O pecuarista Antônio Sodré concedeu essa entrevista ao BeefPoint, falando do projeto de pecuária que desenvolve no estado de São Paulo e da recente implantação do sistema de rastreabilidade em sua propriedade, onde desenvolve cria, recria e engorda em confinamento. Falou também das perspectivas de exportação e conquistas de novos mercados. Segundo ele, devido à crescente exigência dos consumidores por segurança alimentar, a rastreabilidade será fundamental para a exportação para os atuais e novos mercados e para a agregação de valor do produto carne.

Veja a entrevista na íntegra:

O Sr. poderia apresentar resumidamente o trabalho desenvolvido ?

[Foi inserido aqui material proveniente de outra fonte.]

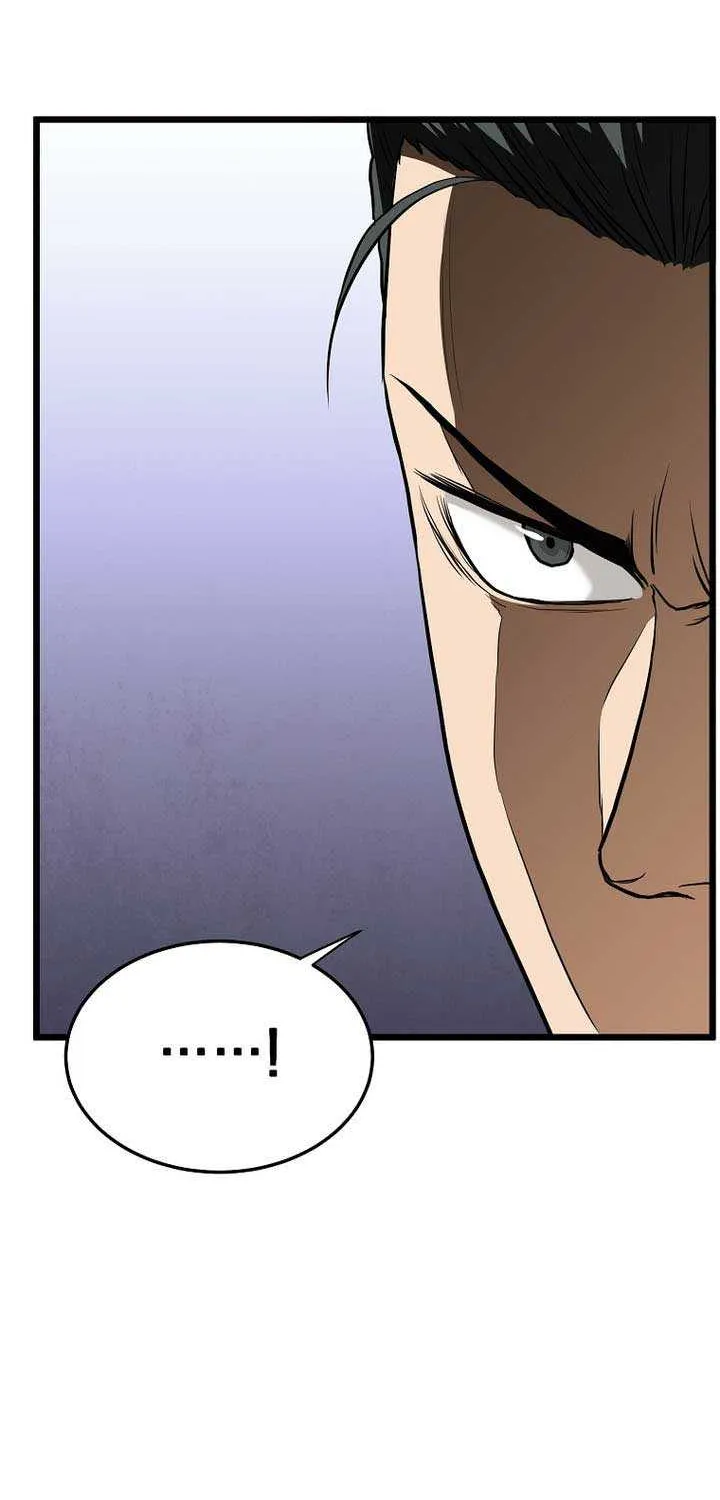 Read Murim Login chapter 236 image 84 on Lezhin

AS: As fazendas ficam nos municípios de Leme e Corumbataí, em São Paulo, com rebanho composto por 2200 cabeças, fazendo cria, recria e engorda. Há em torno de 800 matrizes, em sua maioria gado Nelore (comercial) e algumas matrizes meio sangue Nelore/Canchim. Para a reposição de fêmeas é feita inseminação em algumas matrizes com a raça Nelore. Além disso, utilizamos Brangus há 14 anos, quando foi trazido para a fazenda sêmen de um touro campeão em Houston/EUA, além de 5 novilhas para transferência de embriões. Esse touro foi o primeiro touro Brangus em Central de IA, no Brasil.

Antes do plano real, conseguíamos vender todos os bezerros pelo preço de bezerro macho, na cotação de Araçatuba. Naquela época, gado era uma reserva de valor. Com a chegada do plano real, tivemos que começar a fazer recria e engorda, pois o bezerro diminuiu de valor e não compensava vender o bezerro de qualidade por um preço mais baixo.

Trabalhamos com novilho precoce há mais de 10 anos, recriados em pasto rotacionado e terminados em confinamento, onde se utiliza silagem de capim Mombaça. Hoje, os animais são abatidos com 2 anos de idade.

O tempo de confinamento varia de acordo com o mercado, com média de 100-120 dias (alguns lotes já ficaram menos de 50 dias confinados). Hoje, são abatidos em torno de 600 animais, que é a capacidade do confinamento. Há um pouco de compra de terceiros para colocação no confinamento e também há descarte dos animais crioulos que não se adequam ao padrão da fazenda.

Quais as razões que o levaram a ser um pioneiro em rastreabilidade no Brasil?

AS: Procuro buscar e utilizar modernas tecnologias. Estive na feira de Anuga, na Alemanha, no ano passado para conhecer mais sobre o mercado internacional da carne.

Hoje, produzo um animal de qualidade diferenciada, mas não tenho nenhum sobre-preço por isso. Meus animais são em sua maioria exportados. Todos os meus procedimentos são adequados à exportação. Por exemplo, há muito tempo não uso cama de frango.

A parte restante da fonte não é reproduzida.